Bo Li Large language models (LLMs) have garnered widespread attention due to their impressive performance across a range of applications. However, our understanding of the trustworthiness and risks of these models remains limited. The temptation to deploy proficient foundation models in sensitive domains like healthcare and finance, where errors carry significant consequences, underscores the need for rigorous safety evaluations, enhancement, and guarantees. Recognizing the urgent need for developing safe and beneficial AI, our recent research seeks to design a unified platform to evaluate the safety of LLMs from diverse perspectives such as toxicity, stereotype bias, adversarial robustness, OOD robustness, ethics, privacy, and fairness; enhance LLM safety through knowledge integration; and provide safety guardrail and certifications. In this talk, I will first outline our foundational principles for safety evaluation, detail our red teaming tactics, and share insights gleaned from applying our DecodingTrust platform to different models, such as proprietary and open-source models, as well as compressed models. Further, I will delve into our methods for enhancing model safety, such as hallucination mitigation. I will also explain how knowledge integration helps align models and prove that the RAG framework achieves provably lower conformal generation risks compared to vanilla LLMs. Finally, I will briefly discuss our robust guardrail framework for risk mitigation in practice.

Artificial Social Intelligence? On the challenges of Socially Aware and Ethically informed LLMs

Maarten Sap Modern AI systems such as LLMs are pervasive and helpful, but do they really have the social intelligence to seamlessly and safely engage in interactions with humans? In this talk, I will delve into the limits of social intelligence of LLMs and how we can measure and anticipate their risks. First, I will introduce Sotopia, a new social simulation environment to evaluate the interaction abilities of LLMs as social AI agents, showing that even today’s most powerful models struggle to achieve social goals in interactions. Then, I will shift to how LLMs pose new ethical challenges in their interactions with users. Specifically, through their language modality and possible expressions of uncertainty, we show that LLMs tend to express overconfidence in their answers even when incorrect, which users tend to over-rely on. Finally, I will introduce ParticipAI, a new framework to anticipate future AI use cases and dilemmas. Through our framework, we show that lay users can help us anticipate the benefits and harms of allowing or not allowing an AI use case, paving the way for more democratic approaches to AI design, development, and governance. I will conclude with some thoughts on future directions towards socially aware and ethically informed AI.

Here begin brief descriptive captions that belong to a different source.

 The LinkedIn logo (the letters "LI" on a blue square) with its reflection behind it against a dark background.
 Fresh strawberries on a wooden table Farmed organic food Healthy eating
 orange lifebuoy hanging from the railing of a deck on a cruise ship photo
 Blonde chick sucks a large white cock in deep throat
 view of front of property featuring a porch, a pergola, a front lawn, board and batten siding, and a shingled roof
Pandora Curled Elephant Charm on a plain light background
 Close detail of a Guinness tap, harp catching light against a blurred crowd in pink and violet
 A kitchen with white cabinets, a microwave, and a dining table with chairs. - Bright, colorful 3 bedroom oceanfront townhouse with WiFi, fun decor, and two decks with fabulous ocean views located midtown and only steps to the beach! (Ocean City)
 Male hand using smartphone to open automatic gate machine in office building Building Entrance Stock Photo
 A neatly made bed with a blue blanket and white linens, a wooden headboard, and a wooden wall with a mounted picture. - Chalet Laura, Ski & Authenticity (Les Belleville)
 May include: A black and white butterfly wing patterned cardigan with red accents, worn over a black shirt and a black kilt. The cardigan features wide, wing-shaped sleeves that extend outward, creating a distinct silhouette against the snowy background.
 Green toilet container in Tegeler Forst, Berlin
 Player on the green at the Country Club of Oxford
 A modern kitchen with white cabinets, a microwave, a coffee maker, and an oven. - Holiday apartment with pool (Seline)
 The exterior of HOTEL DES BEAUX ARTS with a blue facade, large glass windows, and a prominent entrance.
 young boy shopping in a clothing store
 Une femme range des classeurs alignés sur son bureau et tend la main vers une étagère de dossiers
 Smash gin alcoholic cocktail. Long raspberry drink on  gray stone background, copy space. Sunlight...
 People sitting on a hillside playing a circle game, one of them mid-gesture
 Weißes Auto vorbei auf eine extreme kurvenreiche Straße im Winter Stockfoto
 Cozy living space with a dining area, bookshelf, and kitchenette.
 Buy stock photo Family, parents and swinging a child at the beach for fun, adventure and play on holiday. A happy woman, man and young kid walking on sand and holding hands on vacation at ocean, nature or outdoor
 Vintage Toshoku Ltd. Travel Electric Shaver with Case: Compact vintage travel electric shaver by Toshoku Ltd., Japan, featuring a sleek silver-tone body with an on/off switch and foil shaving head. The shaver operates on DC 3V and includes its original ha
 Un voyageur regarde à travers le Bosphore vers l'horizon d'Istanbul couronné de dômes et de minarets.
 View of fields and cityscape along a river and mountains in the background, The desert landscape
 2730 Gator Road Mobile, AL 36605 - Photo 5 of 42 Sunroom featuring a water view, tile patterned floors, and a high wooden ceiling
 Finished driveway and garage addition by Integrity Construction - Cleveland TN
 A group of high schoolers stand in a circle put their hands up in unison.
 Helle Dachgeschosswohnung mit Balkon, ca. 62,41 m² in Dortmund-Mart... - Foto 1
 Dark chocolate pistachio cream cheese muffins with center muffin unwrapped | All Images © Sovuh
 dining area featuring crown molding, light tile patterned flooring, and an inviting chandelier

New Models for Trustworthy AI, Norm Deviation, and Consent in Responsible Autonomy

Munindar P. Singh This talk will summarize some of our recent conceptual work on responsible autonomy and trustworthy AI.  This work steps back from computational models of morality to apply insights from philosophy and social psychology to responsible autonomy.  One challenge is to understand when responsible autonomy involves respecting of deviating from norms.  We show how Habermas’s notion of objective, subjective, practical validity criteria can be used to understand norm deviation.  We apply case law from the US, UK, and Canada as a source of empirical knowledge about when norm deviations are legitimate.  We apply the Habermasian framework as a basis for conceiving of consent.  We adapt a model of trust based on the components of ability, benevolence, and integrity to show how trustworthiness involves, again applying case law as a source of empirical intuitions about how to evaluate AI agents.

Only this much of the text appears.